[Problem requirements] If pictures appear among the lines below, leave them out while you return exactly the lines from the one with "Isus din Apocalipsa." through the one with "Global Pedagogies: Schooling".

[Provided records]
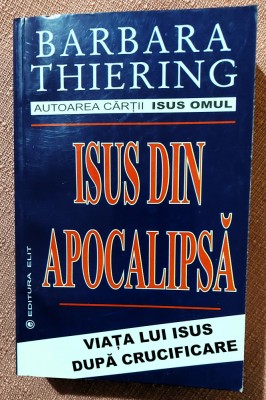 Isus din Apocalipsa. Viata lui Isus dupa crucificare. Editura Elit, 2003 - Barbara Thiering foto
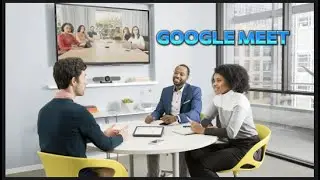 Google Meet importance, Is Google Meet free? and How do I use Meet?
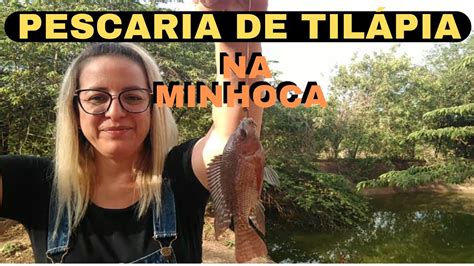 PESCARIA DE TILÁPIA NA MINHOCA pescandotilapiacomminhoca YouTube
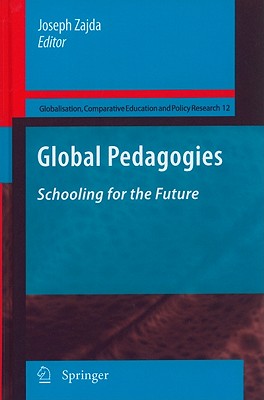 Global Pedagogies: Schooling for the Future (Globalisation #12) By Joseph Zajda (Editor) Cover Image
* * *
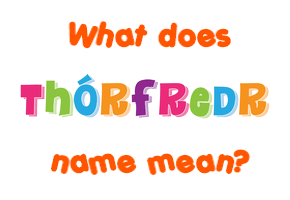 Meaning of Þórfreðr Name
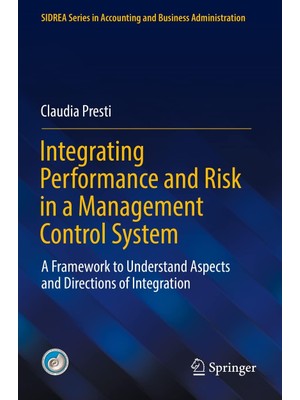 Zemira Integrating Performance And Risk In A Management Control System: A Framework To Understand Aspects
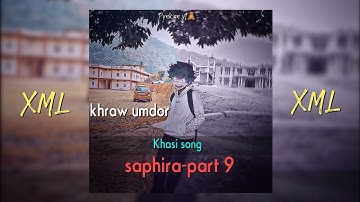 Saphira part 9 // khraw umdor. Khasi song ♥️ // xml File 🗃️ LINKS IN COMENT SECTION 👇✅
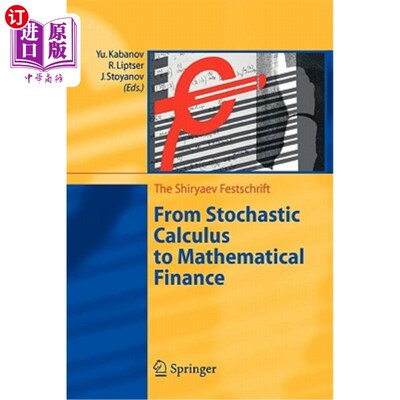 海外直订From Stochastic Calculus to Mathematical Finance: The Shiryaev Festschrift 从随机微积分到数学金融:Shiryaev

[Output for this task]
 Isus din Apocalipsa. Viata lui Isus dupa crucificare. Editura Elit, 2003 - Barbara Thiering foto
 Google Meet importance, Is Google Meet free? and How do I use Meet?
 PESCARIA DE TILÁPIA NA MINHOCA pescandotilapiacomminhoca YouTube
 Global Pedagogies: Schooling for the Future (Globalisation #12) By Joseph Zajda (Editor) Cover Image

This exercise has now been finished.